Nello stesso giorno in cui Sua Eccellenza iniziava il ministero pastorale nella nuova Arcidiocesi, a circa ottocento chilometri di distanza, a Firenze, Caritas Italiana discuteva delle più stringenti questioni economiche insieme alle principali realtà dell’associazionismo nazionale, nella terza edizione di Novo Modo, Responsabilità di tutti. Veniva ribadito l’impegno sui temi della finanza etica e sulle prospettive di un percorso educativo per un rinnovato sviluppo integrale dell’uomo. In tale occasione si è guardato con favore a nuovi modelli di economia civile, capaci di creare circuiti sociali e lavorativi virtuosi, alle cooperative sociali, alle realtà impegnate nel servizio civile alla comunità, nell’accoglienza e nell’inserimento sociale e lavorativo dei migranti. Ebbene, tutto questo, oggi, nella Chiesa particolare di Teramo-Atri, è già realtà. E non lo sarebbe stato senza la testimonianza, il coraggio e la lungimiranza del nostro vescovo Michele Seccia.

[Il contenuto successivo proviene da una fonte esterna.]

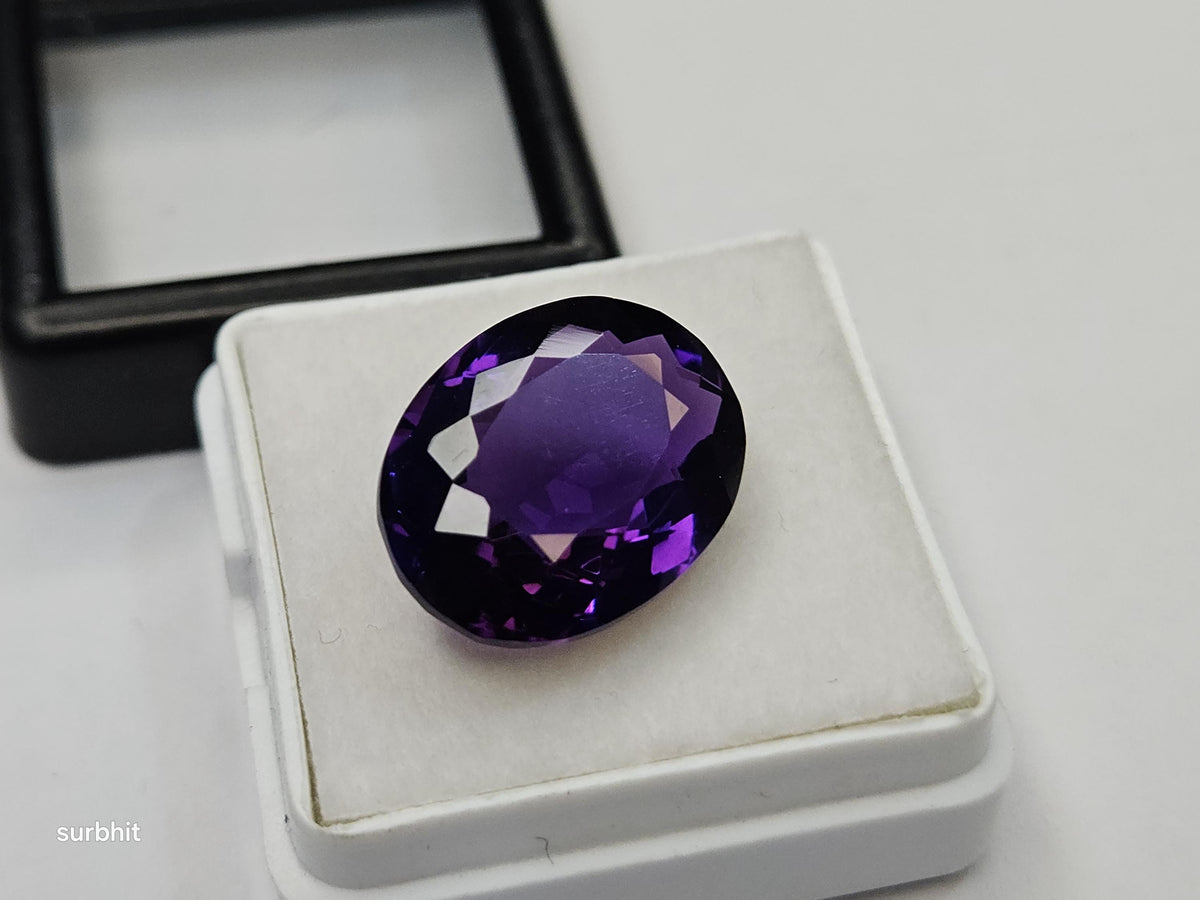 Certified Lab Created Amethyst Oval Gemstone – 8-9 Ct Purple Stone for Jewelry Making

Le iniziative cooperativistiche legate alla Caritas hanno restituito al lavoro e alla vita persone svantaggiate e hanno dato nuove opportunità a giovani delle nostre terre destinati a oscillare tra disoccupazione e sfruttamento, a scegliere tra emigrazione o inoperosità, per colpa della crisi che morde e perdura. Invece un’altra via è stata aperta. Una strada nel deserto. Un altro modo di lavorare, di stare insieme, di guardare all’altro (scardinando tutti i pregiudizi e superando tutte le differenze culturali e religiose) che non genera profitto ma valore sociale, dignità, speranza, futuro. Possibilità di creare nuove famiglie e di sostenere quelle già esistenti. Di sentirsi utili mentre fino a poco prima ci si sentiva un peso per la collettività. Un mondo colorato, inclusivo, qualche volta chiassoso ma concreto come il lavoro a favore di famiglie e imprese colpite dal terremoto e dalle frane. Come le stalle ricostruite. Amare con i fatti e non con le parole. Perché “sono i fatti il modo più vero e più ricco di fare cultura, di proporre scelte e stili di vita, di abitare la dimensione comunitaria della carità” come ebbe a dire un ex direttore della Caritas Italiana. Ecco, se avessimo avuto la prontezza di aggiungere qualcos’altro, nell’attimo dell’incertezza, forse avremmo detto: Eccellenza, a Dio piacendo, proveremo a fare ancora di più. E ancora meglio.